Clean the copper surface of the board.
Apply an etch resist to the copper you want to keep.
Etch the unwanted copper away with an copper etchant.
Strip the resist off of the etched board.
Apply a coating to protect the copper from oxidation.

Artwork Preparation
The type of artwork required to make a printed circuit board depends on the other steps in the PCB Fabrication Process. The artwork needs to ultimately be 1:1 with the final printed circuit board. In days gone by the artwork was literally art. It was made with either red Rubylith, black crepe tape, or red and blue vinyl tape. The original pc board artwork would be 2x, 4x, or more, and would be reduced and separated into 1:1 negatives, and/or positives for use by the PC board fabricators. These days, the artwork never exists physically until it is plotted on a photoplotter at the PC board manufacturer. Because the resolution of modern computer output devices is so very high, it is possible to generate 1:1 artwork that may be directly used (in the case of laser printed output) as a resist mask, or otherwise used as artwork for exposing photoresist. Here is a rundown of a general method of PCB artwork preparation.

Resist
Some resists are directly applied, like laser printer toner, etch resist pen, or silk screen. The metalic resist PCB fabrication process initially masks the area of copper to be removed, not the area to keep. The area to keep, rather than being etched, is instead copper plated, then tin plated. The tin plating acts as the etch resist. The original photoresist is stripped off before etching.

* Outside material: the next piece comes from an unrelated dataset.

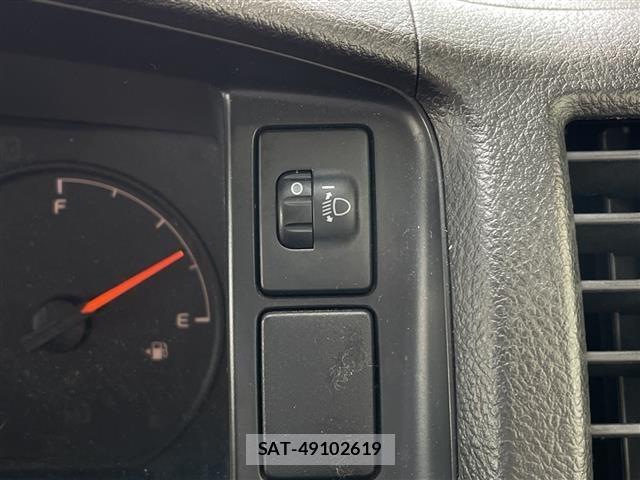 Toyota HIACE VAN 2017 8677215-2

Photoresist types are applied directly to the cleaned copper, sandwiched with a negative or positive image of the circuit, and exposed, generally to UV light. The photoresist is developed, like a photograph would be, and rinsed.

Silk screens add one step, by photographically creating the silk screen, then screening the etch resist onto the bare copper. This is inexpensive for large runs, but lacks some of the resolution of the direct photoresist methods. Photoresist can be very high resolution. Integrated circuits are made using photoresist that can have sub-micron resolution.

Etching
Etching is performed with any of a number of copper etchants, although the tin resist can generally only be used with ammonium persulphate as an etchant, because most other etchants also attack tin.

Etching is done in an etching tank or tray that is resistant to the etchant being used. Polyethylene is the most common, although polypropylene and acrylic can be used with some etchents. Metal is never used for obvious reasons. The etchant may be agitated with air bubbles, recirculated with a pump, or rocked back and forth in a tray. It may be rubbed on with a sponge, or sprayed on in a continuous stream.

Tin Plate
Copper oxidizes quickly, and oxidized copper does not solder easily. To prevent this problem a thin coating of tin may be applied to the exposed copper. When the metal resist process is used, the tin is electroplated onto the copper before etching. If not, the etched printed circuit board is coated with electroless tin, which is applied in a chemical bath. In either case, the tin may be reflowed to prevent "whiskers" in the tin from causing tiny electrical shorts. Reflowing may be done by floating the board across a hot oil bath, or by conveying it through an infrared or hot air oven.

Tin Stripping
In some cases the tin used as the etch resist is stripped off after etching, and the solder mask applied directly to the copper.

Solder Mask
Solder mask may be applied as a silk screened epoxy, a photolithographed film, or a photosensitive epoxy coating that is flowed on and then exposed and developed. In theory, it only has to survive the printed circuit board's assembly process, including wave, vapor phase, or IR soldering, but if it is strong enough to survive that, there isn't much that can harm it.

Solder Coating
If the tin plating was sacrificial, and the solder mask has been applied directly to to the copper, there is another step. The entire finished board is dunked vertically into a bath of flux followed by a bath of solder.

The steps in the PCB fabrication process are few, and each is simple, but each step depends on the output of the previous step. If you can master each of the individual steps, you will have mastered making printed circuit boards.